# DESCRIPTION OF THE TASK
Find the line containing "Automatic Coin Shape" in the listing below. Repeat it exactly, along with each following line up to and including the one containing "VEVOR Jump Starter, 4000A".

# INPUT MATERIAL
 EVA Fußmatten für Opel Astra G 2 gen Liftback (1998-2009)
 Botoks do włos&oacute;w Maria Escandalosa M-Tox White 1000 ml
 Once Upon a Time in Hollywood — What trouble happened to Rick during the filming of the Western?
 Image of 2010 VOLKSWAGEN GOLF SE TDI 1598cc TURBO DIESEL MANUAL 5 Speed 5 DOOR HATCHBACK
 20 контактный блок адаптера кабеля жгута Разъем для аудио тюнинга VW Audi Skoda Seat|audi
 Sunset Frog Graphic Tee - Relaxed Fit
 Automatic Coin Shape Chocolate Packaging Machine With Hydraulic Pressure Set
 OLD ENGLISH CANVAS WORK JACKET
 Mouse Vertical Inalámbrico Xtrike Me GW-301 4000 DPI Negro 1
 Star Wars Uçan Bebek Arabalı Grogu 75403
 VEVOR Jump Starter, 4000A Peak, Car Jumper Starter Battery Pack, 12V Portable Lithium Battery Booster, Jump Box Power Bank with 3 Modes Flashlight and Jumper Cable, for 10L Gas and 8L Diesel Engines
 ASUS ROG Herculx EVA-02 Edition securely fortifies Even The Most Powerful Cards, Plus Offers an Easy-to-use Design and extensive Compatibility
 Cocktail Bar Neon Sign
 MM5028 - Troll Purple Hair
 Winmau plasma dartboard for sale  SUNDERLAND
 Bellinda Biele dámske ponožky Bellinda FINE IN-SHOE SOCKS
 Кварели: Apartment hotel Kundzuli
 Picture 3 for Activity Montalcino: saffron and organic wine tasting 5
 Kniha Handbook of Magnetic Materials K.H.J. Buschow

# EXERCISE ANSWER
 Automatic Coin Shape Chocolate Packaging Machine With Hydraulic Pressure Set
 OLD ENGLISH CANVAS WORK JACKET
 Mouse Vertical Inalámbrico Xtrike Me GW-301 4000 DPI Negro 1
 Star Wars Uçan Bebek Arabalı Grogu 75403
 VEVOR Jump Starter, 4000A Peak, Car Jumper Starter Battery Pack, 12V Portable Lithium Battery Booster, Jump Box Power Bank with 3 Modes Flashlight and Jumper Cable, for 10L Gas and 8L Diesel Engines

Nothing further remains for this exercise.